Would you set down the data that follows, word for word, without any pictures?

:: Source data

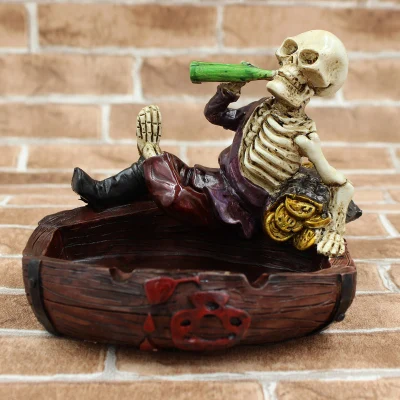 Resin Ashtrays with cover Cool creative man human-skull increase ashtray Boy gift present fashion hot wholesale FG908
Resin Ashtrays with cover Cool creative man human-skull increase ashtray Boy gift present fashion hot wholesale FG908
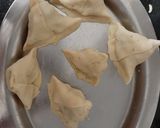 क्रिस्पी समोसे (Crispy samose recipe in Hindi) रेसिपी चरण 3 फोटो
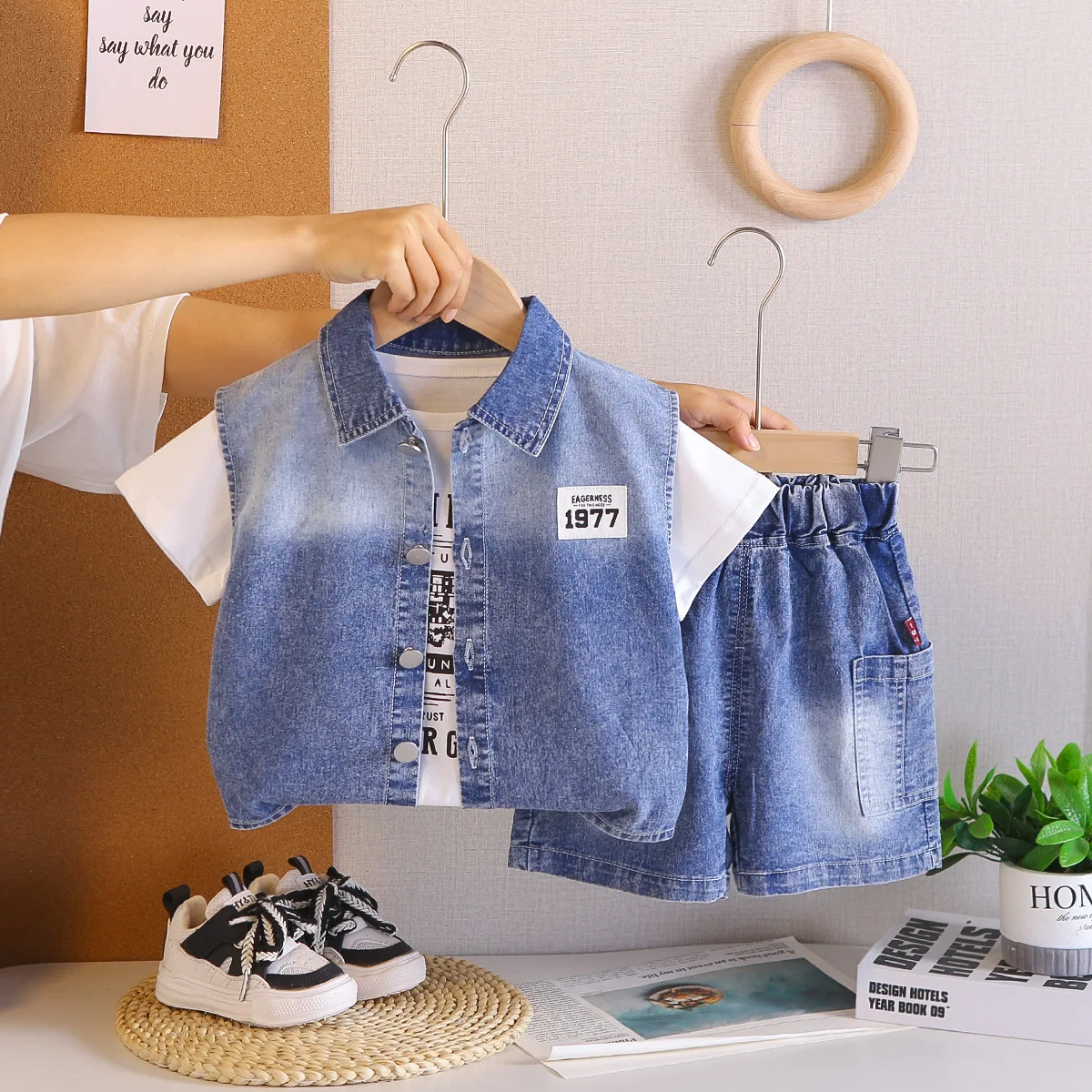 

Детская одежда для младенцев: Новинка 2026 года – летний комплект для мальчика: модный джинсовый жилет + белая футболка + шорты.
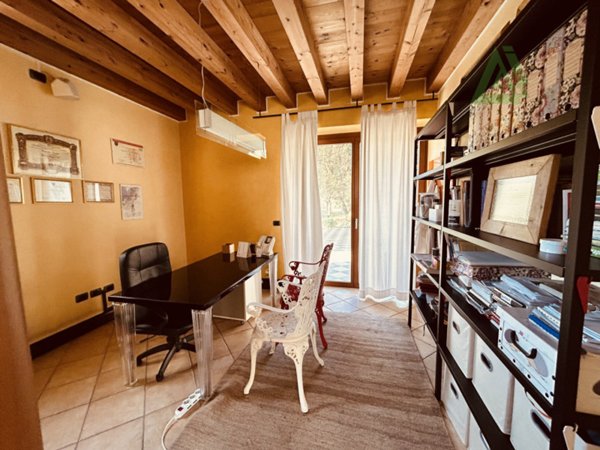 ufficio in affitto a Castelfranco Veneto in zona Salvarosa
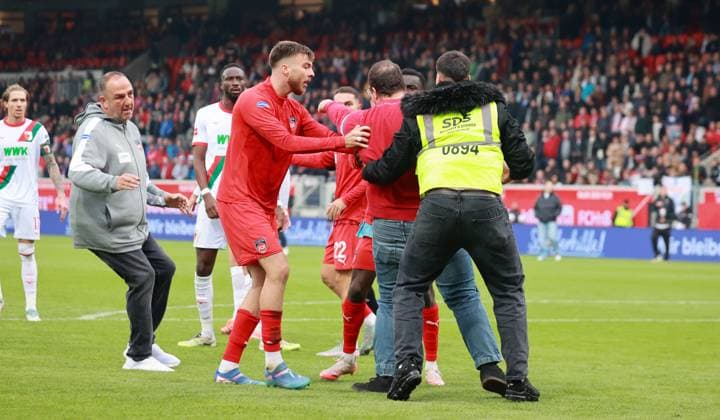 27 09 25 1 FC Heidenheim FC Augsburg Germany, Heidenheim, 27 09 2025, Football, Bundesliga, 1 FC Heidenheim Augsburg Frank Schmidt Coach 1 FC Heidenheim with fans on the pitch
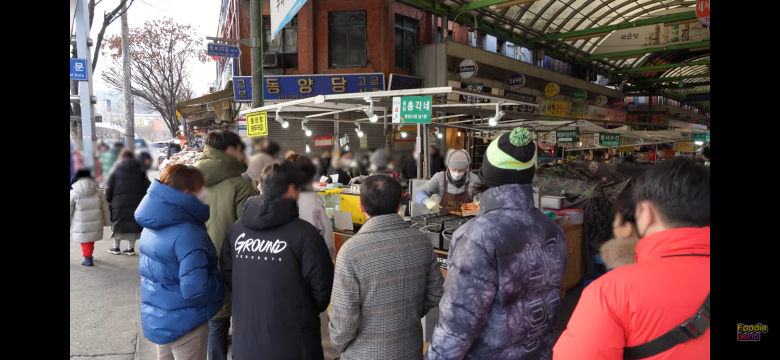 A fish-shaped bun restaurant where you can line up even in the coldest weather of all time.jpg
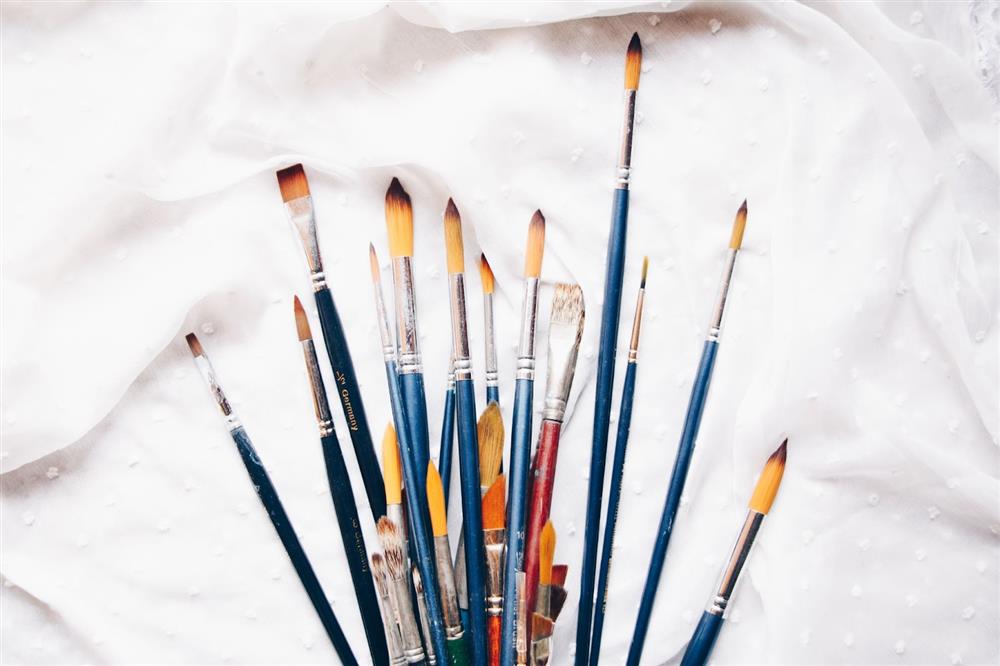 Why I Use Natural Bristle Brushes for Oil Painting - Artist Advice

::::

### Exercise response
 Resin Ashtrays with cover Cool creative man human-skull increase ashtray Boy gift present fashion hot wholesale FG908
Resin Ashtrays with cover Cool creative man human-skull increase ashtray Boy gift present fashion hot wholesale FG908
 क्रिस्पी समोसे (Crispy samose recipe in Hindi) रेसिपी चरण 3 फोटो

Детская одежда для младенцев: Новинка 2026 года – летний комплект для мальчика: модный джинсовый жилет + белая футболка + шорты.
 ufficio in affitto a Castelfranco Veneto in zona Salvarosa
 27 09 25 1 FC Heidenheim FC Augsburg Germany, Heidenheim, 27 09 2025, Football, Bundesliga, 1 FC Heidenheim Augsburg Frank Schmidt Coach 1 FC Heidenheim with fans on the pitch
 A fish-shaped bun restaurant where you can line up even in the coldest weather of all time.jpg
 Why I Use Natural Bristle Brushes for Oil Painting - Artist Advice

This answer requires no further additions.